Neal sleeps.
Peter ghosts a hand over the top of the conman's head. He lowers himself onto the edge of the mattress and watches, tries to will away the sorry feeling in his gut, in his throat, in his very blood because the kid's sleeping on his stomach when he normally sleeps on his side or his back.
It's sick, this unspoken and unheard apology, because Neal will never even have a hint of it touch his conscious mind. But Peter is sorry, so very sorry. He's sorry that no words came from his mouth but a threat in the park, that no love shone through until the end, because he might not ever use the word, but it's there, love. And Neal, under that slick, well-dressed exterior, is raw and aching for it.
He's sorry for the way he went the extra mile because he wasn't going to at first. He wasn't going to undress his kid for reasons outside of potential incapacitation – outside of a bath or dressing him down for the night, for a fitful rest, for anything but punishment and pain, but it hit Peter like a bullet. It hit him with the same speed that it snapped in the men's restroom that fateful day, and he lost himself in the impact, was left gasping for the mercy that wasn't left in him.

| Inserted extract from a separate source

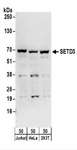 SETD3 Antibody - Detection of Human SETD3 by Western Blot. Samples: Whole cell lysate (50 ug) from Jurkat, HeLa, and 293T cells. Antibodies: Affinity purified rabbit anti-SETD3 antibody used for WB at 0.1 ug/ml. Detection: Chemiluminescence with an exposure time of 30 seconds.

Neal's face. That blush, those downcast eyes, hiding in full sight and not in that easy, subtle way that the kid's gotten by with every second that's ticked away since he started this life, whenever that was. Maybe he was born a conman. Maybe it's like Neal's always saying, that it's his nature. His hands came out of the womb sticky with his mother's fluid and stayed that way.
But that's no excuse, Peter knows, and he touches the boy's cheek, marvels at the softness despite the angularity, at the cascade of youth that fails to leave this slowly maturing person. The system is there for a reason, and it's his job to teach Neal to operate within its bounds.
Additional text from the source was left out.